United Artists signed Hecht-Lancaster to a multi-picture contract, to make seven films over two years. These included films in which Lancaster did not act. Their first was Marty in 1955, based on Paddy Chayefsky's TV play starring Ernest Borgnine and directed by Delbert Mann. It won both the Best Picture Oscar and the Palme d'Or award at Cannes and Borgnine an Best Actor Oscar It also earned $2 million on a budget of $350,000. Vera Cruz had been a huge success, but Marty secured Hecht-Lancaster as one of the most successful independent production companies in Hollywood at the time. Marty star Ernest Borgnine was under contract to Hecht-Lancaster and was unhappy about his lack of upcoming roles, especially after only receiving some seven lines in 1957's Sweet Smell of Success and half of his pay for Marty. He eventually sued for breach of contract to gain back some of this money in 1957.
Without Hill, Hecht and Lancaster produced The Kentuckian in 1955; it was directed by Lancaster in his directorial debut, and he also played a lead role. Lancaster disliked directing and only did it once more, in the 1970s (The Midnight Man, 1974).
Lancaster still had commitments with Wallis, and made The Rose Tattoo for him in 1955, starring with Anna Magnani and Daniel Mann directing. It was very popular at the box office and critically acclaimed, winning Magnani an Oscar.
In 1955, Hill was made an equal partner in Hecht-Lancaster, with his name added to the production company. Hecht-Hill-Lancaster (HHL) released their first film Trapeze in 1956, with Lancaster performing many of his own stunts. The film, co-starring Tony Curtis and Gina Lollobrigida, went on to become the production company's top box office success, and United Artists expanded its deal with HHL.
In 1956, Lancaster and Hecht partnered with Loring Buzzell and entered the music industry with the music publishing companies Leigh Music, Hecht-Lancaster & Buzzell Music, Calyork Music and Colby Music and the record labels Calyork Records and Maine Records.
The HHL team impressed Hollywood with its success; as Life wrote in 1957, "[a]fter the independent production of a baker's dozen of pictures, it has yet to have its first flop ... (They were also good pictures.)." In late 1957, they announced they would make ten films worth $14 million in 1958.

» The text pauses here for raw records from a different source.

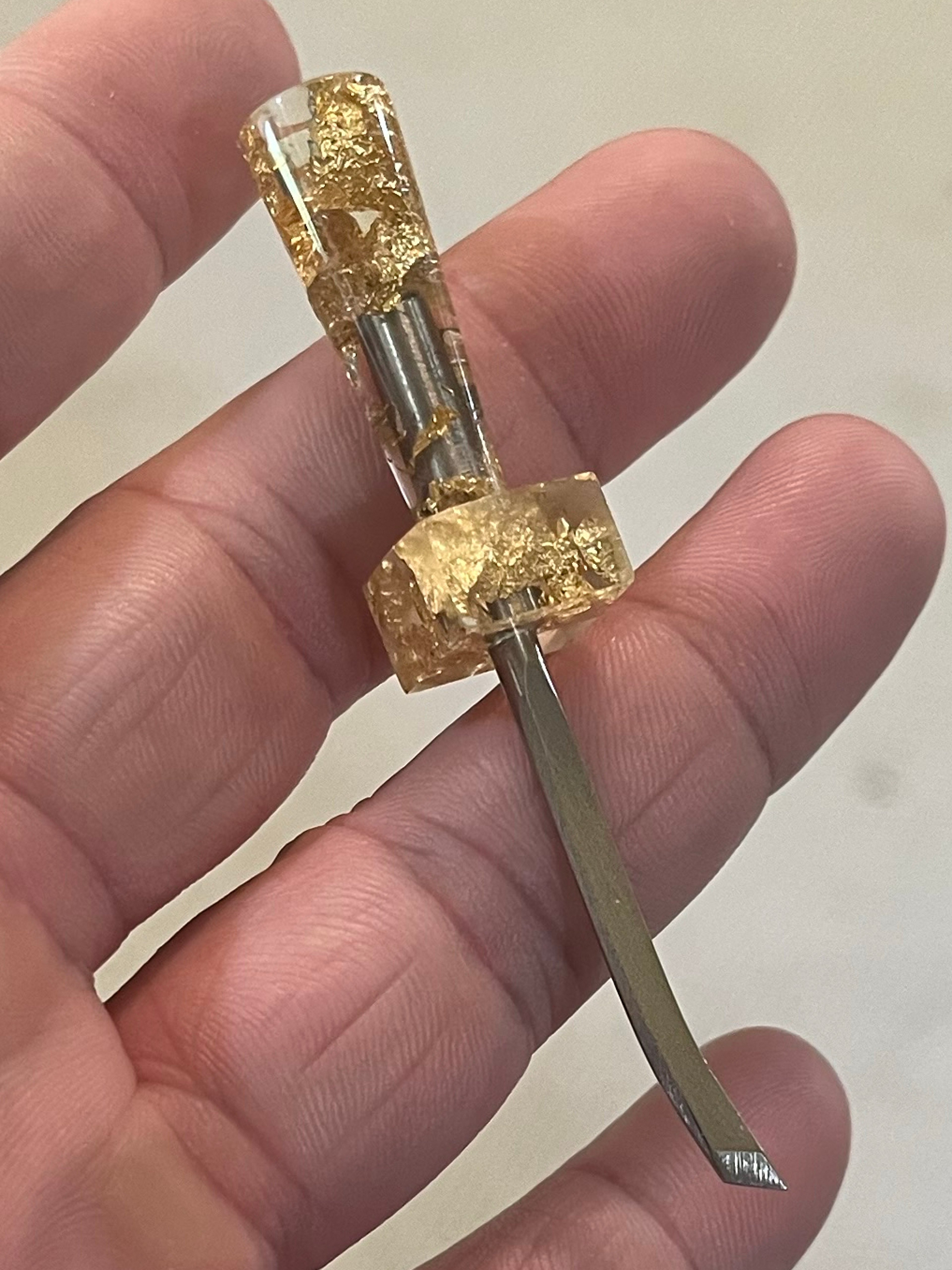 Preview pic of Dunkin Dabber by DunkinMedz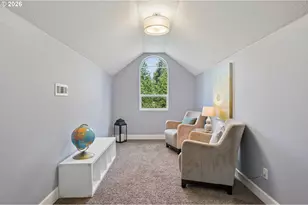22275 S Big Cedar Ln, Beavercreek, OR 97004 - Photo 29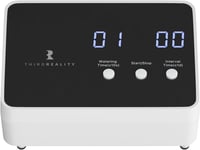 THIRDREALITY Zigbee okos öntözőrendszer szobanövényekhez, Echo kompatibilis 1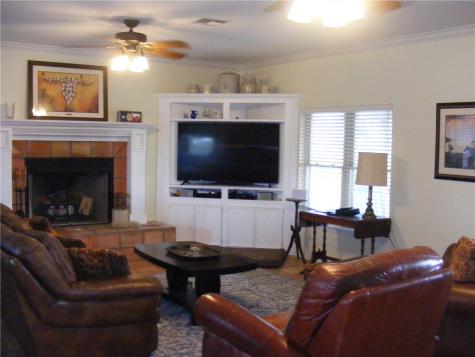 430 Fm 2049 Three Rivers TX 78071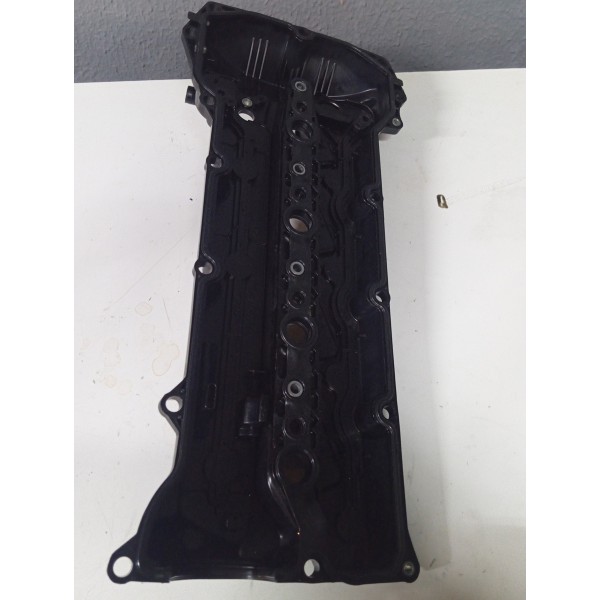 Tampa De Válvula. Hilux Sw4 2.8 2016a2022 Original.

Lancaster made two films for Wallis to complete his eight film commitment for that contract: The Rainmaker (1956) with Katharine Hepburn, which earned Lancaster a Golden Globe nomination for Best Actor; and Gunfight at the O.K. Corral (1957) with Kirk Douglas, which was a huge commercial hit directed by John Sturges.
Lancaster re-teamed with Tony Curtis in 1957 for Sweet Smell of Success, a co-production between Hecht-Hill-Lancaster and Curtis' own company with wife Janet Leigh, Curtleigh Productions. The movie, directed by Alexander Mackendrick, was a critical success but a commercial disappointment. Over the years it has come to be regarded as one of Lancaster's greatest films.
HHL produced seven additional films in the late 1950s. Four starred Lancaster: Run Silent, Run Deep (1958), a Robert Wise directed war film with Clark Gable, which was mildly popular; Separate Tables (1958) a hotel-set drama with Kerr and Rita Hayworth (who married James Hill), which received an Oscar nomination for Best Picture and Oscar awards for lead actor David Niven and supporting actress Wendy Hiller, and was both a critical and commercial success; The Devil's Disciple (1959), with Douglas and Laurence Olivier, which lost money (and saw Lancaster fire Mackendrick during shooting); and the Western The Unforgiven (1960), with Audrey Hepburn, which was a critical and commercial disappointment.
Three were made without Lancaster, all of which lost money: The Bachelor Party (1957), from another TV play by Chayefsky, and directed by Delbert Mann; Take a Giant Step (1959), about a black student; and Summer of the Seventeenth Doll (1960), from an Australian play, shot on location in Australia and Britain.
Additionally, HHL served as the production company for the 1960–61 TV series Whiplash.
The Hecht-Hill-Lancaster Productions company dissolved in 1960 after Hill ruptured his relationship with both Hecht and Lancaster.
Lancaster played the title role in Elmer Gantry (1960), written and directed by Richard Brooks for United Artists. The film received five Academy Award nominations, including Best Picture and Best Actor. Lancaster won the 1960 Academy Award for Best Actor, a Golden Globe Award, and the New York Film Critics Award for his performance.
Hecht and Lancaster worked together on The Young Savages (1961), directed by John Frankenheimer and produced by Hecht. Sydney Pollack worked as a dialogue coach.
Lancaster starred in Judgment at Nuremberg (1961) for Stanley Kramer, alongside Spencer Tracy, Richard Widmark and a number of other iconic stars. The film was both a commercial and critical success, receiving 11 Oscar nominations, including Best Picture.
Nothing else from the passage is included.